• Our hope-filled future is bound up in sharing the story of Jesus, in discipling others, in bringing those disciples together into communities of believers, and in developing and releasing those believers to create other communities... till Jesus the King comes again!

Who Am I And How Are Others Receiving Me?

In response to my most recent post (“A Developmental Mindset”), Noah made the following observation: It is our privilege in mobilization to foster a person’s awareness of their giftedness, in full recognition of their Creator and Redeemer’s authorship in their story. It is our privilege to point them to their Creator’s redeeming process in their lives.  That got me thinking.  We have been emphasizing the importance of other-centered development in several posts, but we should not neglect our own personal development as well.

One of the core elements for training in the Gospel Leader Profile is self-awareness, and one of the ways to describe it is as follows:

Self-awareness of one’s own need for the Gospel and personal development in relation to God, self and other team members.  A leader reflects a proper estimate of their own strengths and weakness and also seeks insights from others around them.  They keep a close check on their physical and emotional health in the varying seasons of life.  They seek to maintain healthy boundaries in relationships and on the use of their time.

Once again, if we ‘re-wrote’ this statement for all cross-cultural workers, we might come up with something like: “Self-awareness of one’s own need for the Gospel and personal development in relation to God, self and other team members.  A worker with a cross cultural heart reflects a proper estimate of their own strengths and weaknesses and also seeks insights from others around them.”  As soon as I put the statement that way, I realized that “insights from others” could come from a variety of sources, including short and mid-term workers whom I might be developing.

Then I began to wonder about my level (our level) of openness to receive such insights from others; to potentially be developed by others whom we are developing.  My own pride and self righteousness can stand in the way of that approach.  I realized I had missed a key phrase in what Noah had written: “It is our privilege to point them to their Creator’s redeeming process in their lives.”  And I would add, it’s our privilege to be pointed back to our Creator’s redeeming process in our lives. 

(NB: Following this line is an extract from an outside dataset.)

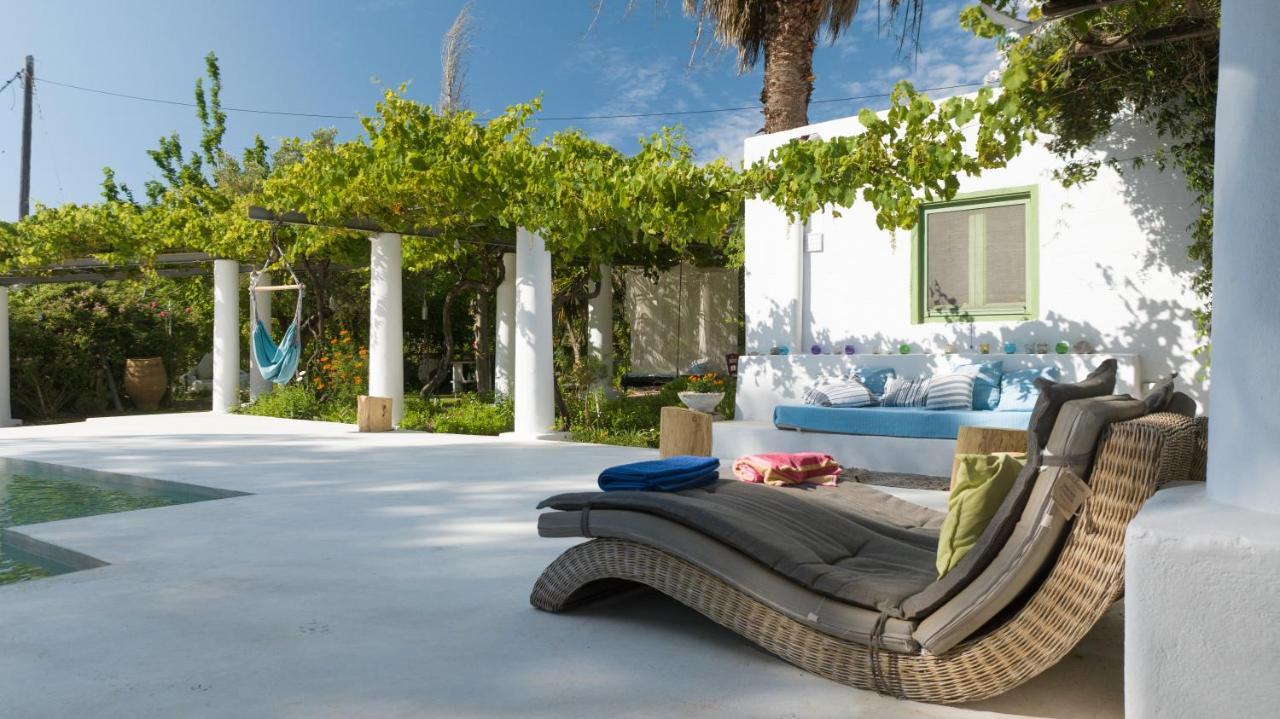 Oliveyard Stone Built House- With Pool Non Chlorin Koskinou (Rhodes)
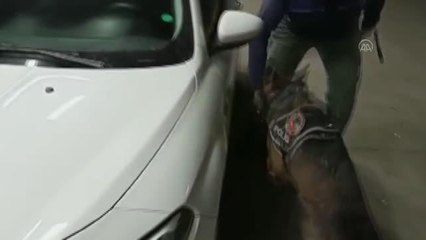Yaklaşık 115 kilogram eroin yakalandı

Self-awareness is that ongoing process where God shows us again and again our need to “first look upon His face, and then turn from contemplating Him to scrutinize ourselves.”  It’s Gospel self-awareness that we are ultimately after.

2 Responses

  1. “Gospel self-awareness” – awareness of ourself in Christ, in the Body, in the body. Good stuff. That’s a coinable phrase. That was very helpful to me…

    David, you also convicted me on the “keep a close check on their physical and emotional health in the varying seasons of life” clause. I need accountability on this one.

    • I guess the question would be, do we each have an accountability group or mentor who could help us become more gospel self-aware?